**Exercise instructions:** Once you reach the line with "写真陶板制作例~白虎 写真陶板制作例~白虎" in the material below, copy each line exactly up to and including the line with "Motorrad-Helm Halbhelme Brain-Cap", and skip the pictures.

**The data:**
++++++++
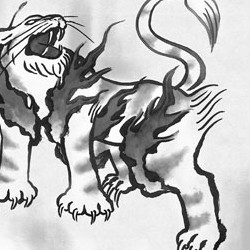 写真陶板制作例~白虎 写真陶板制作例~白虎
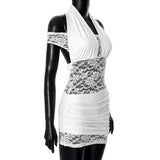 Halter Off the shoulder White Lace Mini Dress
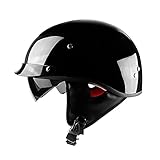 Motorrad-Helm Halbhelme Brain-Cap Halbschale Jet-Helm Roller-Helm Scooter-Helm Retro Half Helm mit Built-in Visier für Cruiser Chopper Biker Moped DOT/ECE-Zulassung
++++++++
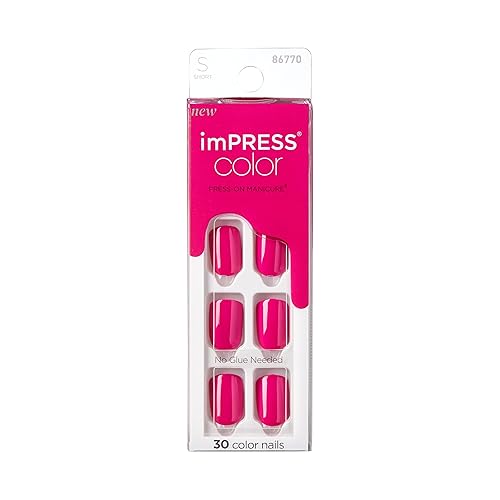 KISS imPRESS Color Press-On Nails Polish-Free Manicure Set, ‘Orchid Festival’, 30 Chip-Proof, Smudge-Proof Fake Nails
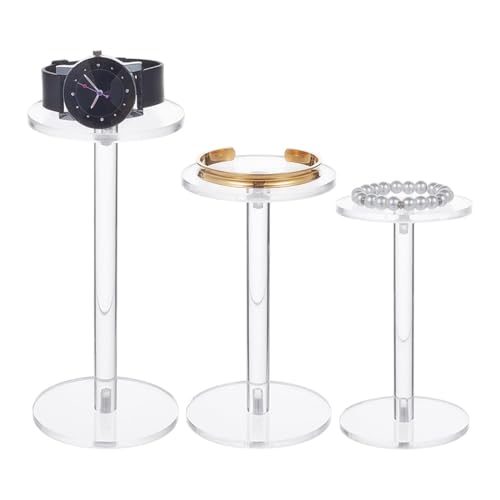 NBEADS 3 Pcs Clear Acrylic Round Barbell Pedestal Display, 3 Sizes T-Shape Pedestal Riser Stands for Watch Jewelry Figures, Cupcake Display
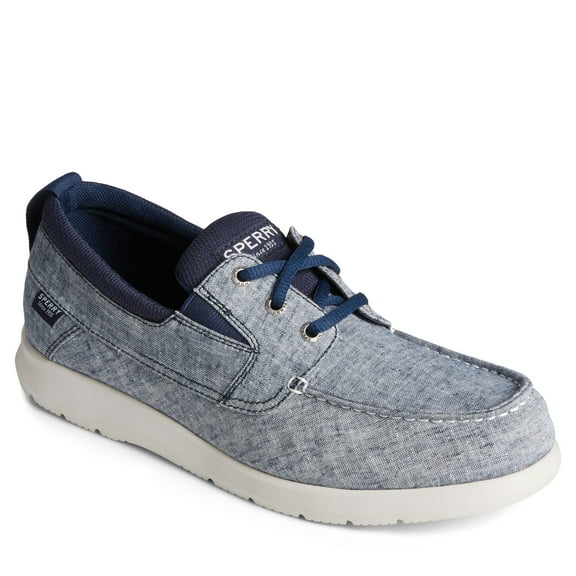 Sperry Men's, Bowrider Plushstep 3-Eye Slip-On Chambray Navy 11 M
++++++++
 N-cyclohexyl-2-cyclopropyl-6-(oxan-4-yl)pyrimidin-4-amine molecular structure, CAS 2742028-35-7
++++++++
**Reply:**
 写真陶板制作例~白虎 写真陶板制作例~白虎
 Halter Off the shoulder White Lace Mini Dress
 Motorrad-Helm Halbhelme Brain-Cap Halbschale Jet-Helm Roller-Helm Scooter-Helm Retro Half Helm mit Built-in Visier für Cruiser Chopper Biker Moped DOT/ECE-Zulassung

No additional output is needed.